Dataset excerpts
########

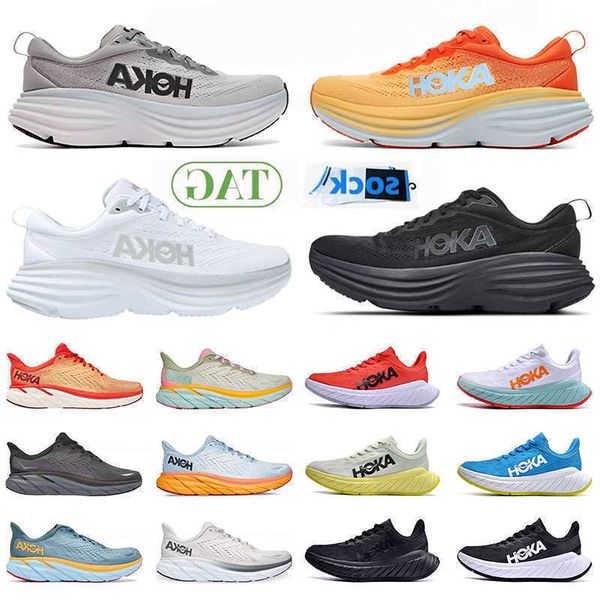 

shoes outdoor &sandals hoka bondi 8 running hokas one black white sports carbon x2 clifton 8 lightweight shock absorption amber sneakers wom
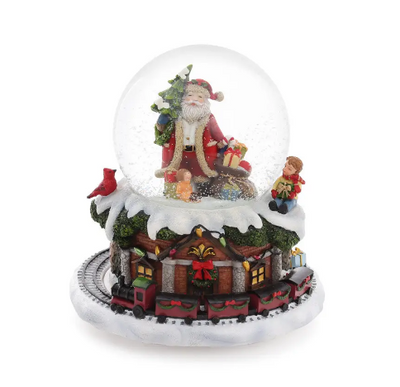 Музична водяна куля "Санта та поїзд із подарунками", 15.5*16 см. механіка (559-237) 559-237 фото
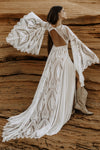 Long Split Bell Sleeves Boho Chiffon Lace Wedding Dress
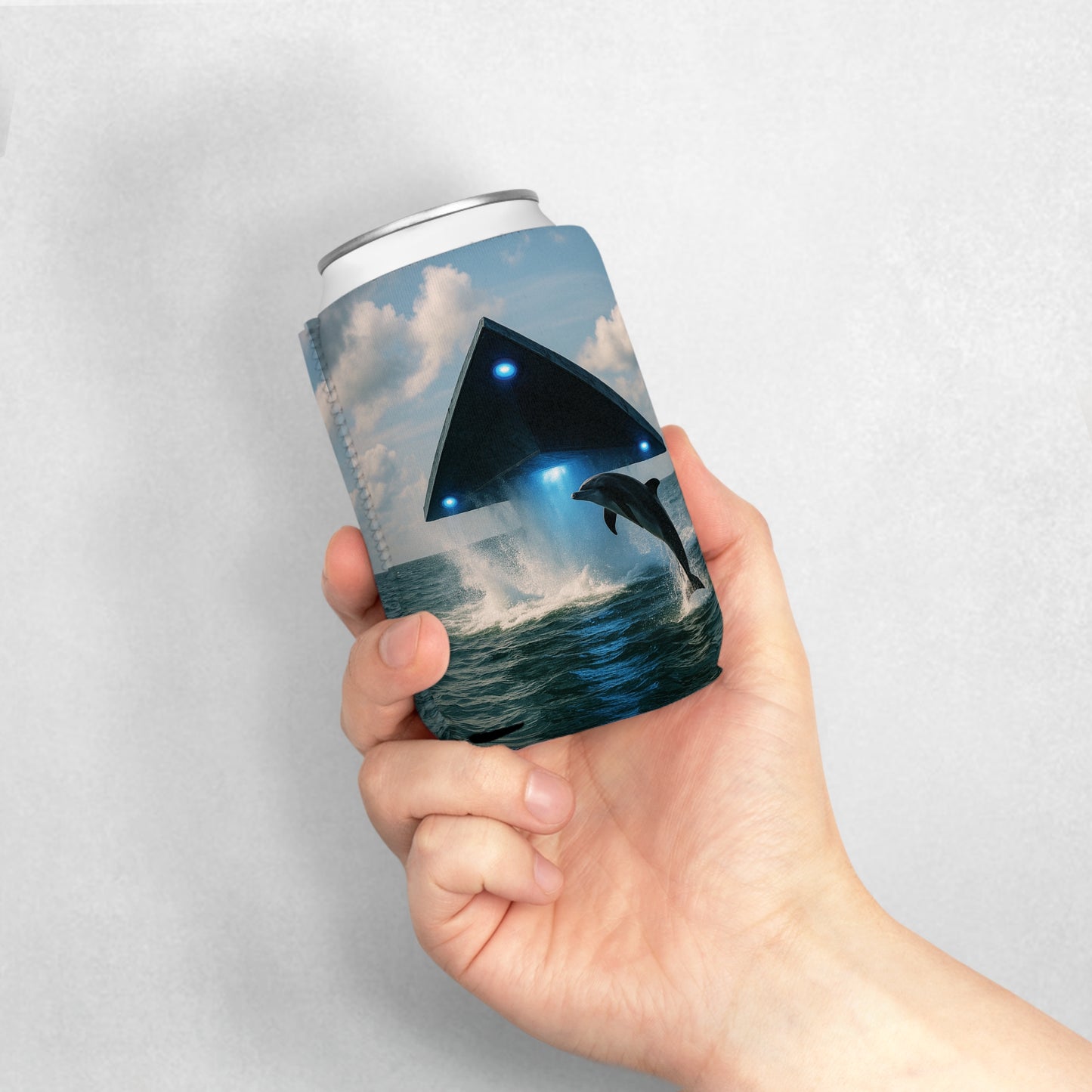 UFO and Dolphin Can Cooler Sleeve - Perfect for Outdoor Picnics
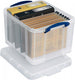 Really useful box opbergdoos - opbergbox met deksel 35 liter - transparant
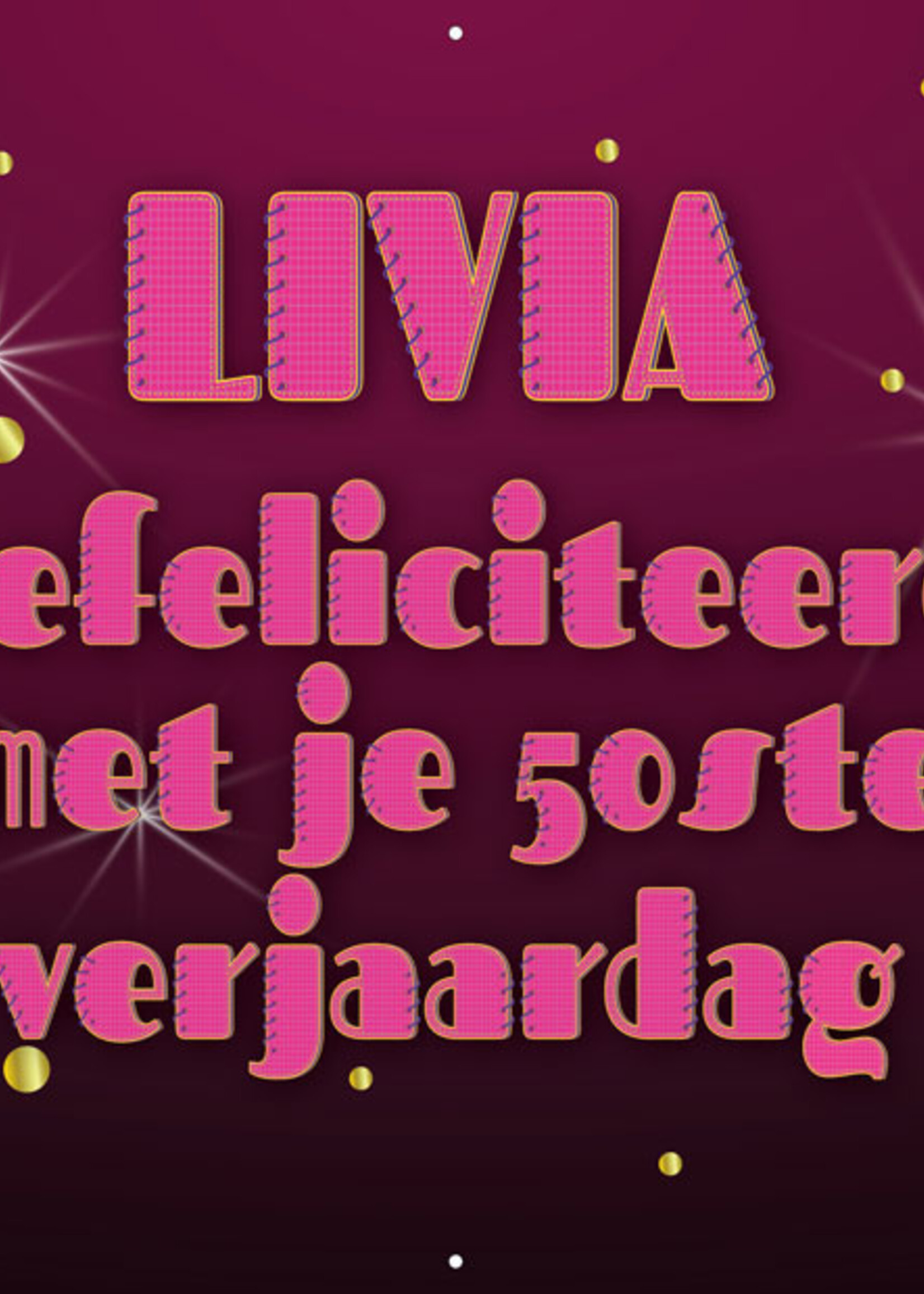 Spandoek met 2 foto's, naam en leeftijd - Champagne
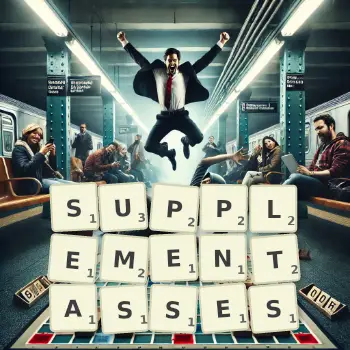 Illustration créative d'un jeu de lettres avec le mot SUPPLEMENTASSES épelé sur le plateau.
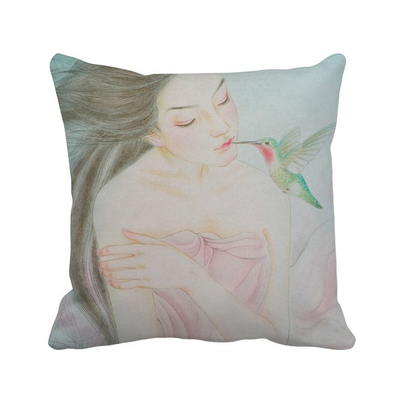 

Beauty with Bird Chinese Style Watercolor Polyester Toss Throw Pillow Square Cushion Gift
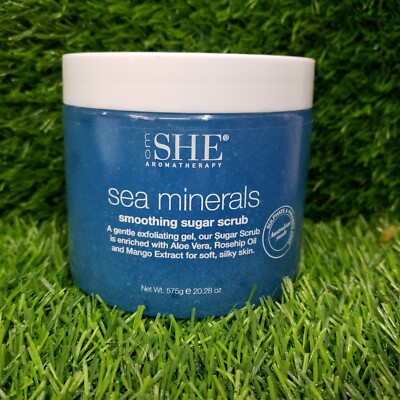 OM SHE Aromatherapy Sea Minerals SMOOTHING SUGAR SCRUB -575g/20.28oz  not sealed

########

Task requirements
Restate word for word every line from the one with "Long Split Bell" up to and including the one with "Illustration créative d'un" in the records above, minus the pictures.

Written response
 Long Split Bell Sleeves Boho Chiffon Lace Wedding Dress
 UFO and Dolphin Can Cooler Sleeve - Perfect for Outdoor Picnics
 Really useful box opbergdoos - opbergbox met deksel 35 liter - transparant
 Spandoek met 2 foto's, naam en leeftijd - Champagne
 Illustration créative d'un jeu de lettres avec le mot SUPPLEMENTASSES épelé sur le plateau.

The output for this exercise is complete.